Rick: Is Tiex going to open up a few eyes?

Steve: I think we are, we’ve got everything we need out there. We’ve got magnetic highs with resistive highs that are showing there are intrusions out there. We’re east of the main trend, yet here we are finding intrusions in around the Viewland project and elsewhere in the sediments we’ve got. It’s an evolving idea, a theory we’re going to prove this year and into next.

Rick: Okay, let’s break down our properties a little bit, concentrate on the ones that are going to see the most work this year. But first lets jump over to the Newmont Bullion property option, can you tell us a little bit about that?

Steve: Yeah, that’s a difficult one for us to work, mainly because we don’t have a lot of information and that area is covered by a lot of glacial till.

We did some MMI and really those were some of the lowest numbers we’ve seen in the area but it’s hard to say if it’s because it was so deep - MMI is not supposed to be affected by that but I can’t image that 150 meters of till verses 2 meters of till has no affect. It’s hard to say, but they were our lowest numbers, in the 4000 – 5000 samples I had, those are some of the lowest.

Rick: So we optioned off what we considered out lowest chance property based on the numbers we had?

Steve: Basically that’s exactly it. If you’re going to have in the 100’s of meters of volcanic rock sitting on top, that’s going to seriously affect how easy it is to make a discovery and whether you’re even going to be able to mine the thing. We really had no reason to keep working in there.

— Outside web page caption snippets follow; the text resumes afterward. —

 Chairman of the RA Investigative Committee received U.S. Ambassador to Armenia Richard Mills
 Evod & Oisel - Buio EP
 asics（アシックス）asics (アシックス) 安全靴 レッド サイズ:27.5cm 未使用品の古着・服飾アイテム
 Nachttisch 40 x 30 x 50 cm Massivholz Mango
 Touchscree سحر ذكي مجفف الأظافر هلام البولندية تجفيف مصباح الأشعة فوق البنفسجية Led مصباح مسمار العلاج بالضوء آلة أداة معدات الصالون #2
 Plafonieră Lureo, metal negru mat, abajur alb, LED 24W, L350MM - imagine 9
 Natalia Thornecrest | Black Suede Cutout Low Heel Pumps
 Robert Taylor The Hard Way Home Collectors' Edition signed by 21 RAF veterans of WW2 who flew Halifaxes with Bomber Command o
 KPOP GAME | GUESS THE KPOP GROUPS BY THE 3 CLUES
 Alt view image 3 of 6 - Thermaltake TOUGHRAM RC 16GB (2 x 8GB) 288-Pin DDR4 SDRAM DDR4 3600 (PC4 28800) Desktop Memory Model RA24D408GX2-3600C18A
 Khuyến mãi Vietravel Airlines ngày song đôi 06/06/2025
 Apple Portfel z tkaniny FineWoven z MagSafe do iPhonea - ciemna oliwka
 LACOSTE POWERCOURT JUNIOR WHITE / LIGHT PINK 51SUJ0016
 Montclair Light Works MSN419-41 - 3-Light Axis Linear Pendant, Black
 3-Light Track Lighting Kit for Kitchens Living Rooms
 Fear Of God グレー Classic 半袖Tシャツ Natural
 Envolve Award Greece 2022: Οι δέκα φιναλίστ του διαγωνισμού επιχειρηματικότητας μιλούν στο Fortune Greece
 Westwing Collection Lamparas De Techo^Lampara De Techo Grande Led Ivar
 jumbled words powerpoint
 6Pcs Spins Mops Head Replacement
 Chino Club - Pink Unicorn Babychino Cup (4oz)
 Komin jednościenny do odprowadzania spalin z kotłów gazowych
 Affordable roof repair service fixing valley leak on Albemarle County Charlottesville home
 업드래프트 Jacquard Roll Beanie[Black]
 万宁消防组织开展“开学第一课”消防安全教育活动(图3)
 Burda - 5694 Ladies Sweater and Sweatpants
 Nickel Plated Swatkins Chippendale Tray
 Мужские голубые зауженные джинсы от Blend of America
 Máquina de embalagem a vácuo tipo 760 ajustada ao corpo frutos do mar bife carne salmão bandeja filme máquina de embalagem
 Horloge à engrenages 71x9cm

Rick:Newmont Mining Corp. (NYSE: NEM, Stock Forum) seems to like the area, they’ve subsequently optioned a couple smaller properties from companies in the area.

Steve: Yes, they got the one showing from a local prospector, it was in the middle of our Bullion property, so I think a lot of what they were doing was just saying “Well look we have a pretty solid showing here that’s in the regional mag, a nice mag ring so it shows an intrusion there. We want to solidify up our property package and some of it might bleed out onto the Bullion property.” That was probably the main reason to get it from us.

Rick: Tiex optioning it to Newmont certainly makes for good press and keeps us in the game, keeps them maintaining 22,000 hectares. I think it’s a win/win.

Steve: I don’t think a junior can put a porphyry into production. I think you need to be looking for a major miner like a Gold Fields Ltd. (NYSE: GFI, Stock Forum), Newmont or a Freeport McMoran Copper and Gold Inc. (NYSE: FCX, Stock Forum) to come in early. That’s got to be our thinking, we want to get into a joint venture with a major with these things and get them involved to do all the heavy lifting later because we just don’t have the wherewithal to do it. You’re going to dilute yourself to death and news flow just slowly diminishes because you’re just doing production drilling, it’s pretty hard for juniors to get into the mining game on porphyries.

Rick: You go the route of the property dilution model and company dilution model. With these porphyries, I think it’s best to take property dilution - where you’ll take 30%, give somebody 70%, let them spend the money and you go work something else 100% owned while they work the JV.

Steve: Exactly, it doesn’t make financial sense for you the junior, but it makes financial sense for a major to back you, to not have to go out there to explore all the time. They have accountants to deal with that are sitting there saying well we need to improve our inventory, and how are we going to do that doing a hundred million dollars of exploration, you could do a 100 million dollars and not get anything. So big companies are all of a sudden answering to the bean counters who are saying “we mined this much copper we’ve got to replace it, how do we do that?”

Well how they do it is they buy another company or they buy into a project. That’s the easiest way for them to get in, they’ve got a large pool of money, we’ve got the projects, so let’s help them use their money.

It’s all to our advantage, let’s figure out where we are in the food chain and do it well.